* MATERIAL FOR THIS EXERCISE:
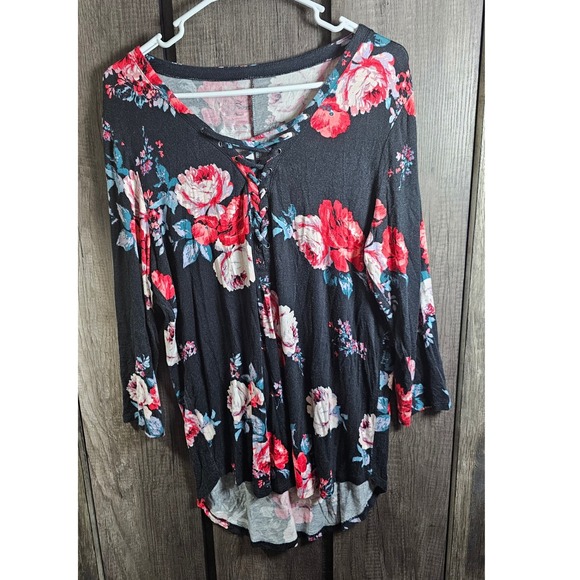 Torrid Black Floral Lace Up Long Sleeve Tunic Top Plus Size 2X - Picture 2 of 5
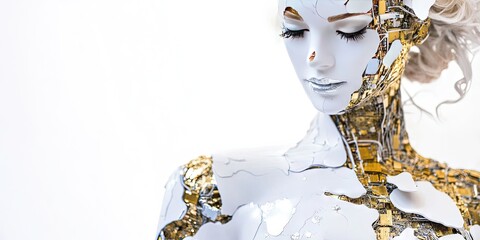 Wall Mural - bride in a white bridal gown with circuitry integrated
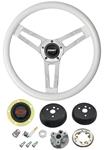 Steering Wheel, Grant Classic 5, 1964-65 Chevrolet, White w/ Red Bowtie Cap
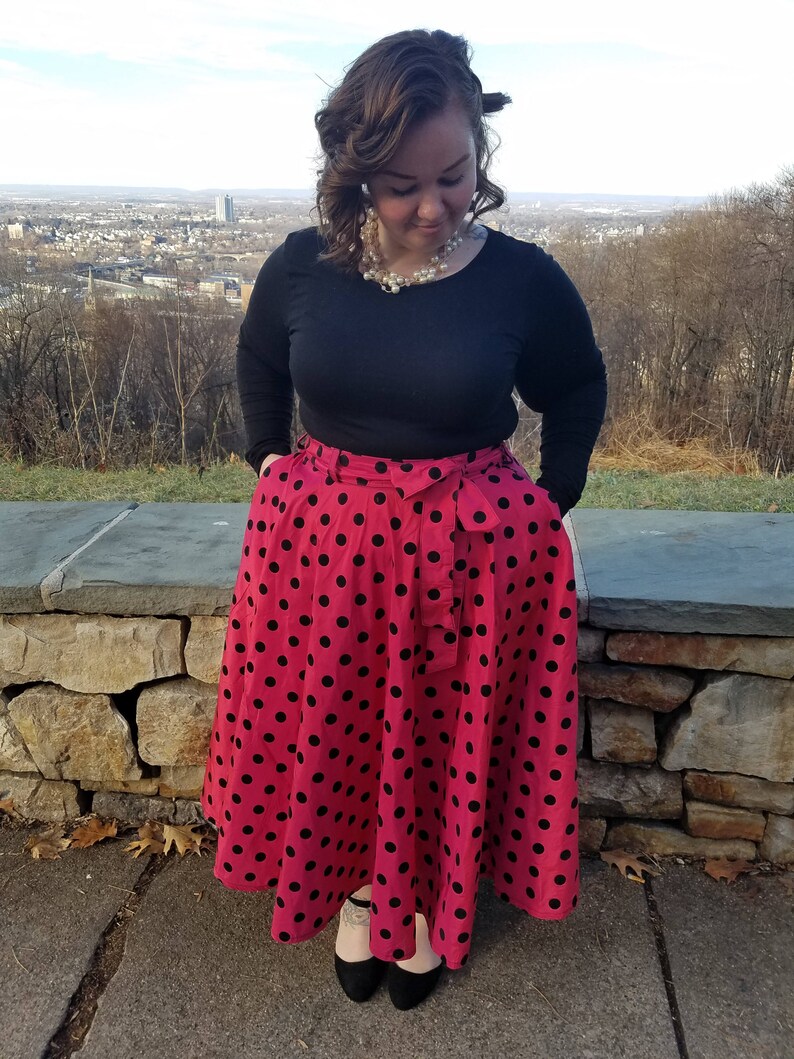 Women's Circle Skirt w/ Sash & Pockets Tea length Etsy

...

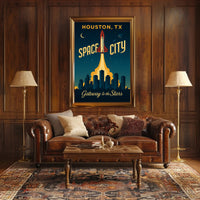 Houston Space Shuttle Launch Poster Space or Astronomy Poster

* TASK TO COMPLETE:
Go down the entries above from the line containing "Torrid Black Floral" to the line containing "Women's Circle Skirt" and write out each line exactly, leaving pictures out.

* TASK SOLUTION:
 Torrid Black Floral Lace Up Long Sleeve Tunic Top Plus Size 2X - Picture 2 of 5
 Wall Mural - bride in a white bridal gown with circuitry integrated
 Steering Wheel, Grant Classic 5, 1964-65 Chevrolet, White w/ Red Bowtie Cap
 Women's Circle Skirt w/ Sash & Pockets Tea length Etsy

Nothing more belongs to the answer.